Now, the apprentices are preparing for their second in-person meeting in April, when they’ll work together on a mock campaign, incorporating all that they’ve learned to work through real-world scenarios and develop tools for advancing LGBT non-discrimination.
We spoke with Daniel Shad, who works at Heritage of Pride, Inc. in New York City, about his experience so far with LGBT-U – and why it’s important to him to fight for LGBT-inclusive non-discrimination.
What stuck out to you about LGBT University that made you want to apply?
I had just finished my Master’s in Public Administration at New York University, and I wanted to get back into LGBT organizing in some capacity. I felt LGBT-U would be a good opportunity for me to get into the field and network with new people, and learn some new things along the way. I thought it might be a more introductory, basic program – but it wasn’t. I really learned a LOT of new things from even just that one week in Phoenix.
How did you get engaged with LGBT organizing?
I started volunteering in 2008 with the Courage Campaign right after Proposition 8 passed [and took away the freedom to marry for same-sex couples in California]. I was living in Orange County, and I was upset about the repeal, so I started running volunteer canvasses all over Orange County, talking about marriage equality with Californian’s. Because of that experience I was brought on to the Equality California field team, working on door-to-door canvassing to persuade voters to become more supportive of equality.

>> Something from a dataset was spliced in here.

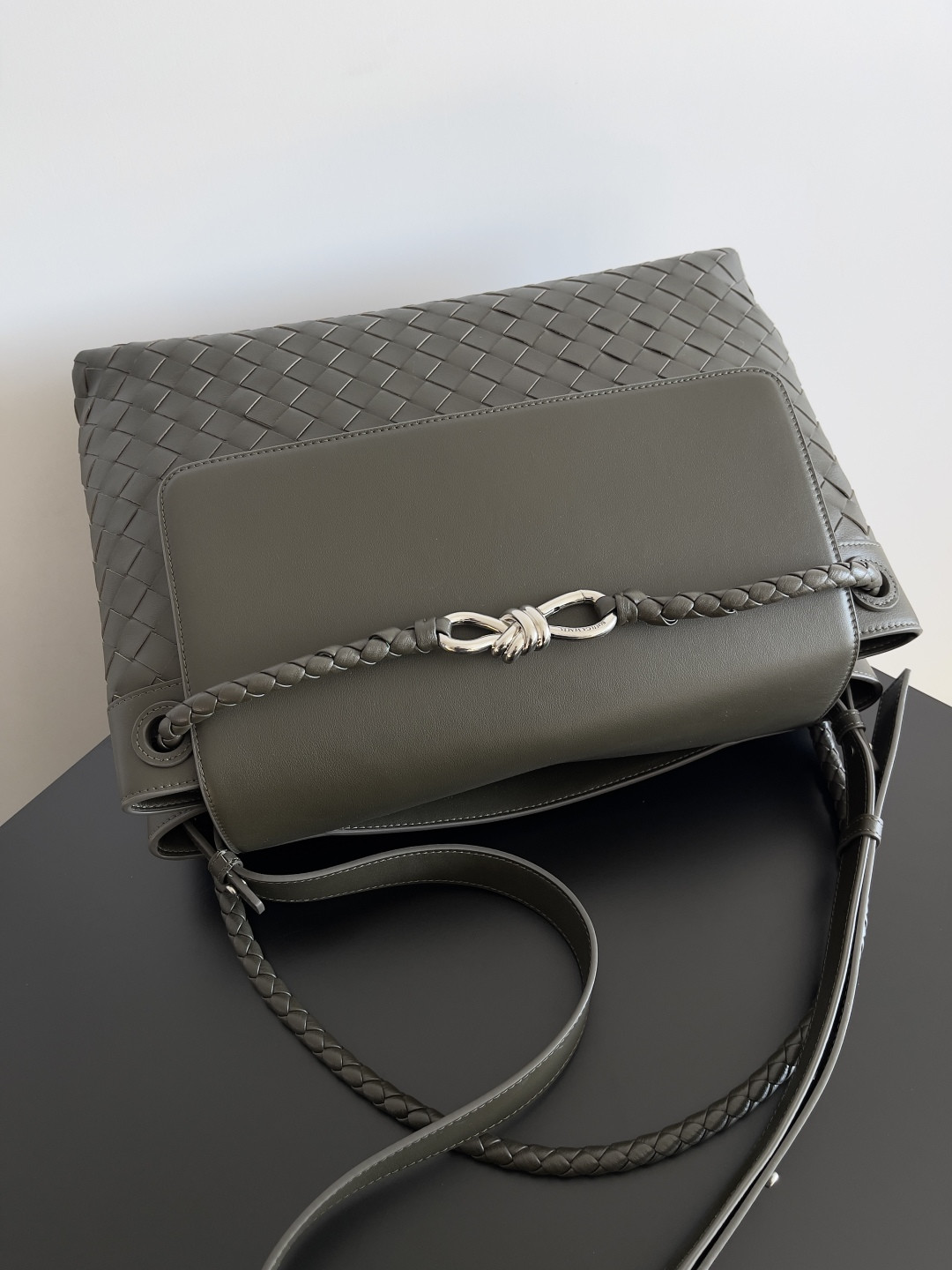 Bottega Veneta Medium Andiamo Messenger 37x26x13cm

That was a whole part of my life, for several years – and after that, I was hooked.
I joined the board of directors of the Orange County Equality Coalition, doing some advocacy work with them, and later became president of Orange County Pride in 2012, where I lead a team to mold Orange County LGBT Pride into its own organization.
Since moving to New York two and a half years ago, I’ve completed a few fellowships, including ones at the Tyler Clementi Foundation and Amnesty International. And now I work as an Event Manager forHeritage of Pride.
With so much experience organizing on LGBT issues, you may think you already know everything there is to know – but you said you learned a lot during LGBT-U…what sorts of things were most educational for you?
I really loved a lot of the messaging training we received, particularly when dealing with non-discrimination issues. That wasn’t something I was super up-to-speed on, and I didn’t know how to talk about it in an effective way, and the program really helped with that.
We did a training where we looked at what was actually working – looking at the most effective messaging in real time, as it was happening. The wealth of the knowledge at all times was so on point…and every presenter had a lot to offer.
What are some of the other unique parts about LGBT University that you’ve enjoyed?
Other than the Phoenix week, the best part about being in an apprenticeship like this is the ongoing interaction that takes place among the apprentices and the trainers as well. I really feel like more so than joining an apprentice program, I’ve joined a family of like-minded individuals who care about the same issues I care about and are going to be there to support each other.